Schools across the West Bank face immediate threats as 85 institutions operate under demolition or stop-work orders. Other educational facilities have been forcibly closed or physically attacked by soldiers and settlers. This systematic targeting disrupts the daily lives of students and deepens the sense of insecurity.

The United Nations commission warns that Israel has engineered a pervasive atmosphere of terror that does not rely on constant bombing to remain effective. Lemis Farraj, a psychologist and project coordinator, describes this reality as repeated shocks and continuous events that never end. She emphasizes that a child's physical well-being and mental health are inextricably linked under these conditions.

The report identifies this persistent stress as distinct from Post-Traumatic Stress Disorder because there is no single traumatic event to recover from. The danger stems not just from an active raid, but from the paralyzing fear of waiting for the next inevitable assault. When military forces enter a neighborhood, residents must stay indoors regardless of their plans. Diyar explains that life simply stops during these moments of uncertainty.

Mustafa, Diyar's brother, notes that the sheer repetition has dulled his fear response over time. He states that seeing the army now feels routine, and he no longer feels afraid. However, Farraj observes the same distress in young children she treats. They exhibit startle reactions to ordinary sounds, assume a raid has begun immediately, and suffer regression where learned skills vanish suddenly.

Five-year-old Khour Hammad lives in alleys near older children who have faced similar raids. Her parents are currently imprisoned by Israeli forces. Her father was arrested in July 2023, and her mother was detained last March. Khour recalls the night soldiers came for her mother. Half-asleep, she mistook a man's voice for her father returning home. She climbed out of bed expecting him, only to find soldiers inside the house.

The soldiers attempted to question the child. Khour says she felt like she was going to throw up. When shown an old family photo, she immediately brightens. She points to her mother, Islam Amarna, and her father, Osama Hammad, sharing memories in rapid bursts.

The United Nations finds the same root cause behind the harm faced by children in Gaza and the West Bank. This military occupation is described as a long-term mechanism of domination, subjugation, and oppression. Farraj adds that children suffer from their own traumatic experiences and from trauma passed down through generations. The first generation of the Nakba lived in shock and transmitted it to their offspring. This refers to the ethnic cleansing of at least 750,000 Palestinians following the formation of the state of Israel in 1948.

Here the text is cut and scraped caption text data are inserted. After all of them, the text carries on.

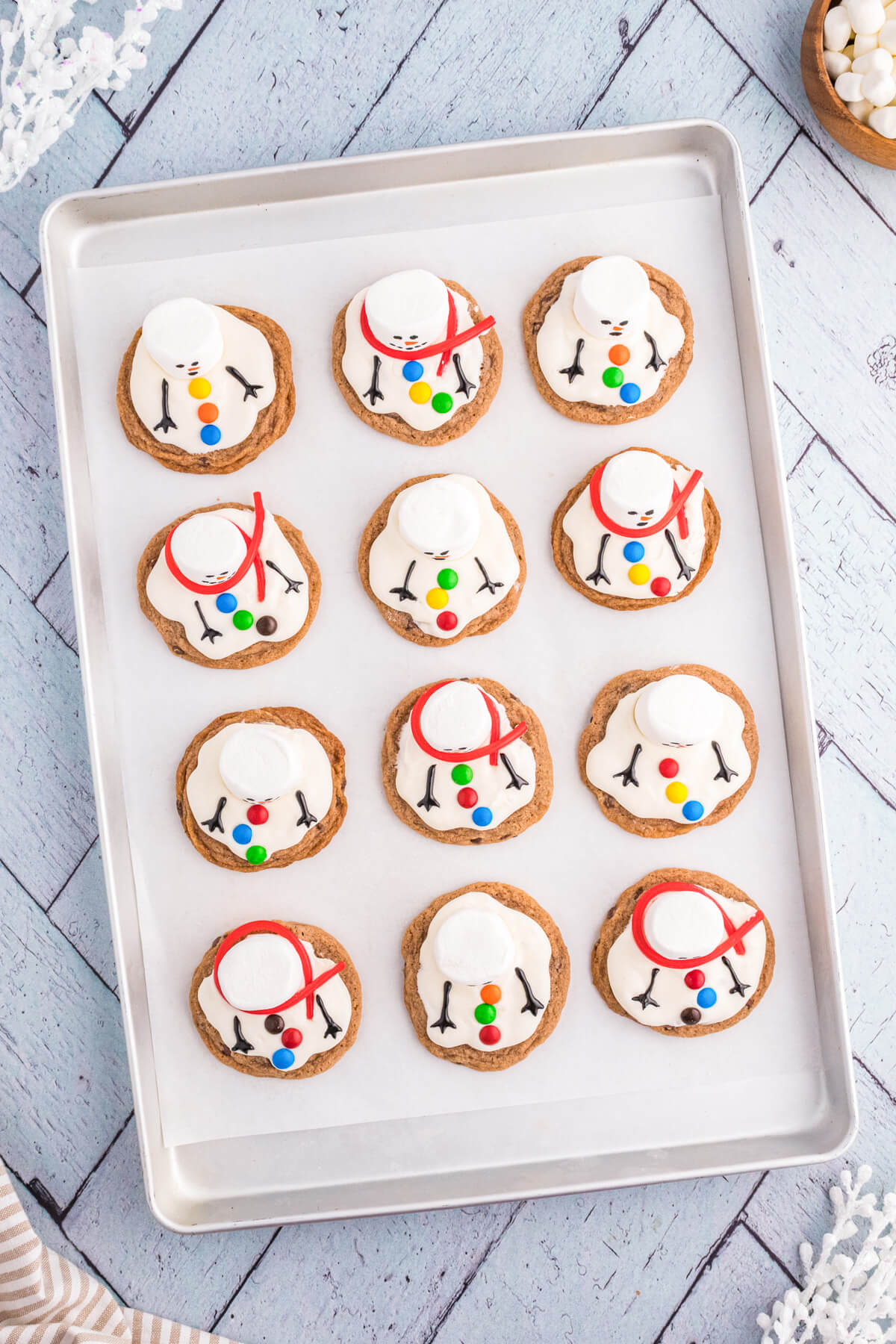 Fully decorated Melted Snowman Cookies on a parchment lined baking sheet. 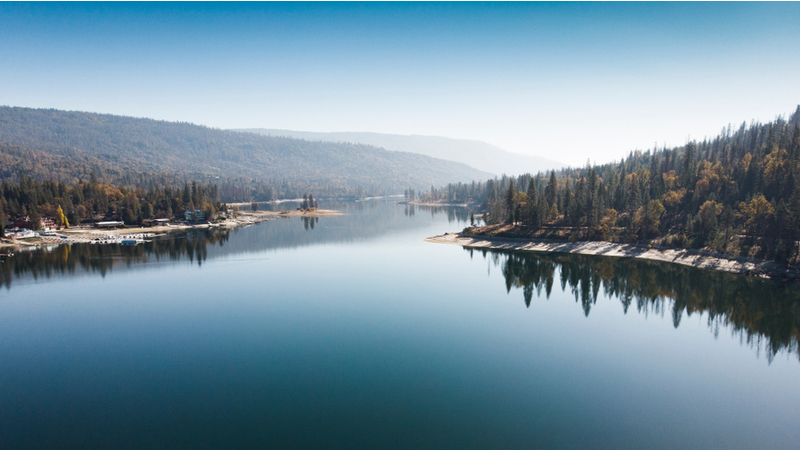 Aerial view of Bass Lake with reflection of forest in the clear water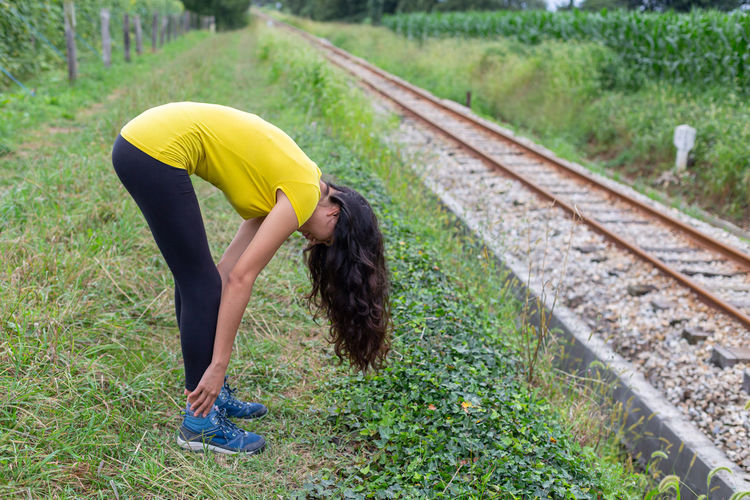 Rear view of woman exercising on railroad track
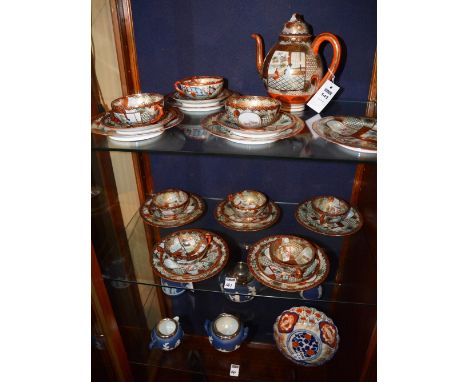 A Japanese Satsuma eggshell teaset, comprising of teapot, nine side plates, seven saucers and seven cups (23), together with 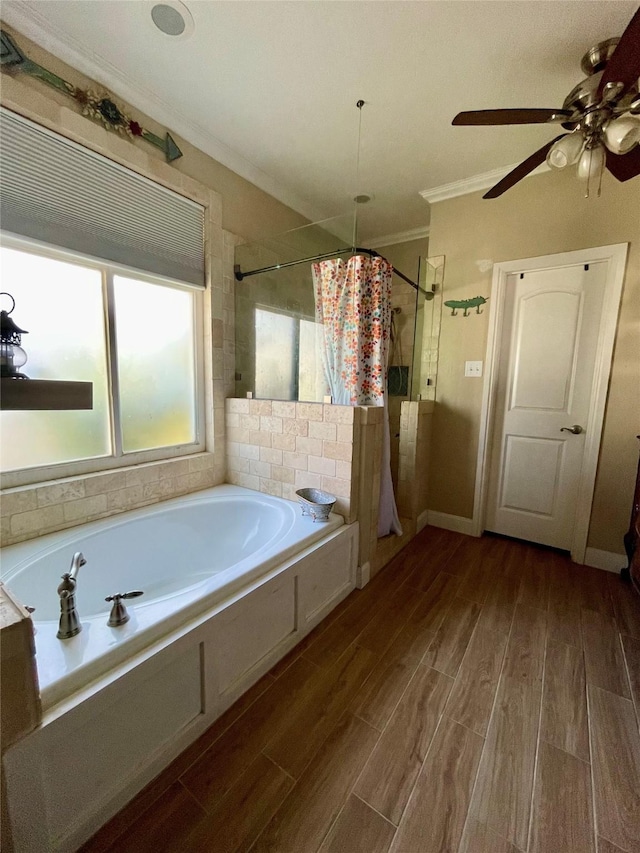 bathroom with hardwood / wood-style flooring, ceiling fan, crown molding, and independent shower and bath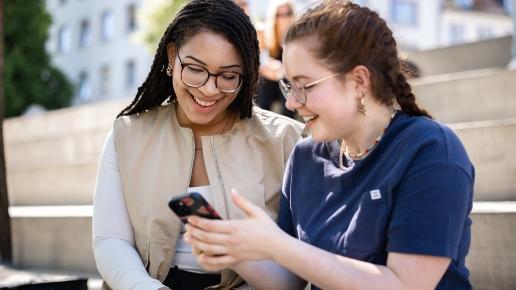 Studierende schauen gemeinsam ins Handy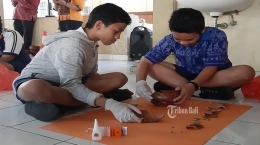  Dua siswa sedang belajar cara merekonstruksi gerabah (Foto: bali.tribunnews.com)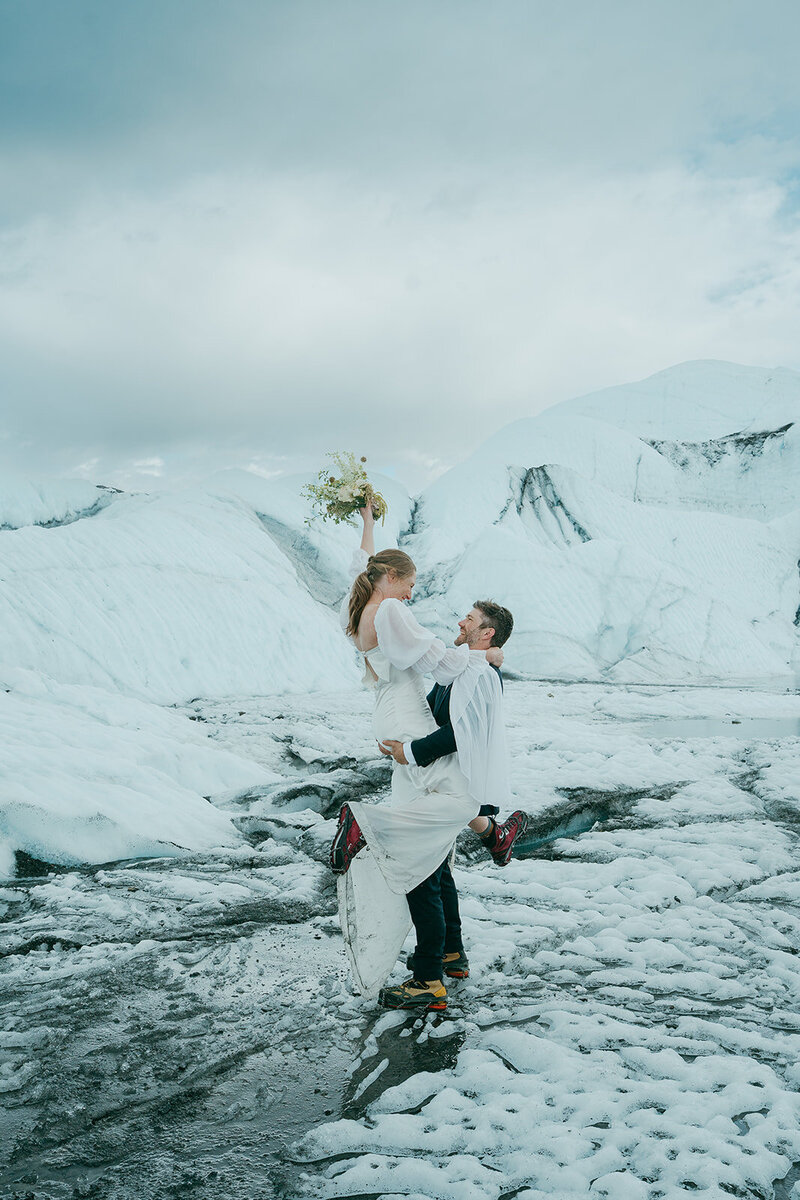 A newlywed couple with their arms around each other standing head to head 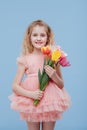 Tulips. little girl with spring flowers in her hand, in pink dress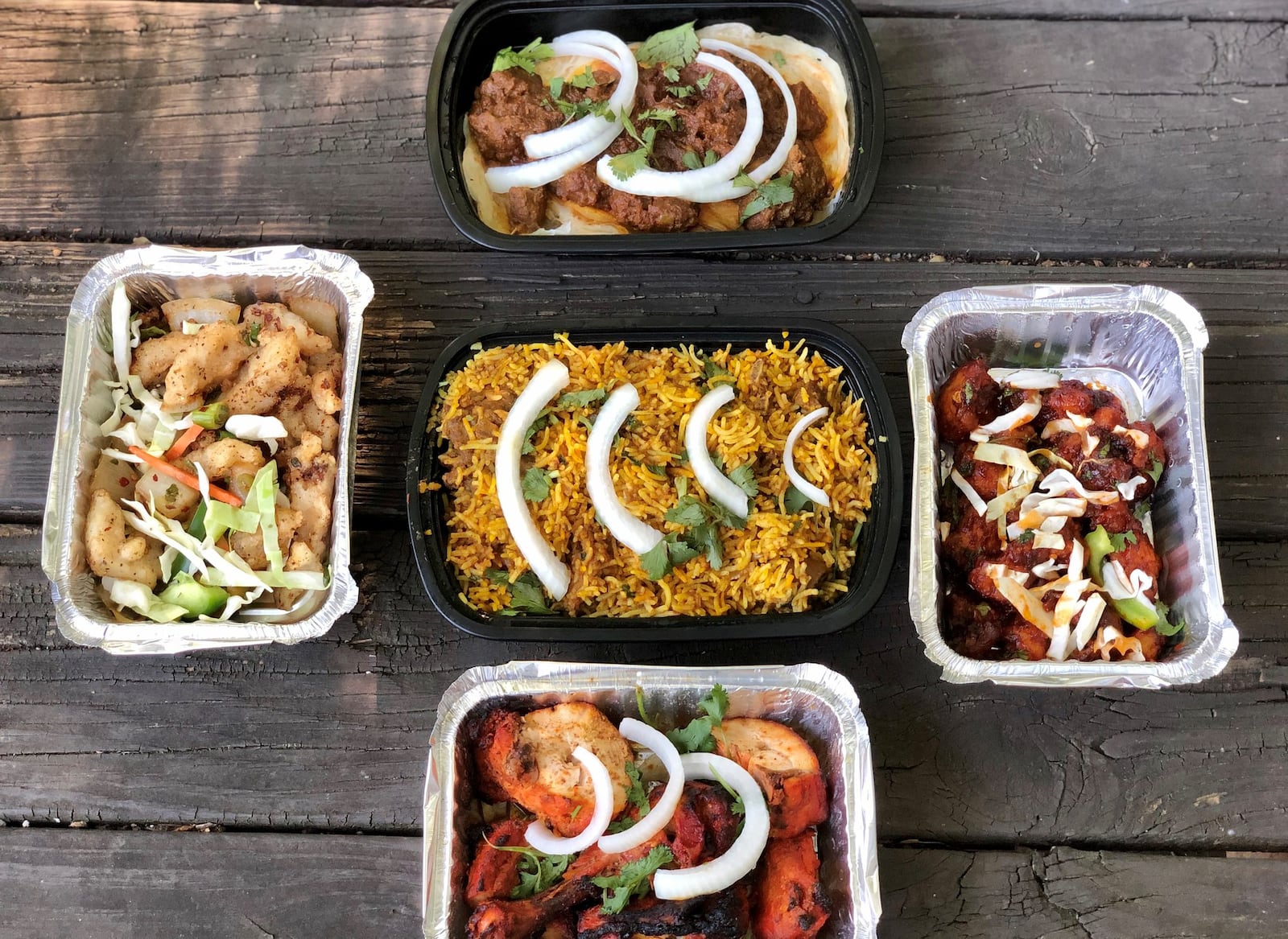 This takeout order from Pinch of Spice in Kennesaw includes (clockwise from top): lamb pepper fry, batter-fried cauliflower, tandoori chicken, bamboo fish and (center) goat biryani. CONTRIBUTED BY WENDELL BROCK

The report notes that Palestinian refugees, now in their fifth generation, have internalized a sense of dispossession from the Nakba alongside current occupation experiences. In the West Bank, roughly one in four Palestinians are refugees, while the figure in Gaza is about 70 percent. Israeli violence and forcible displacement have been carried through generations, compounding the cycle as it repeats. Farraj says trauma recovery depends on stability, including family support, schooling, safe spaces, and a predictable routine. All of these remain precarious under the occupation. For Khour, that stability begins with her parents. She says she wants the whole world to listen, see her picture, and get her mom and dad out of prison.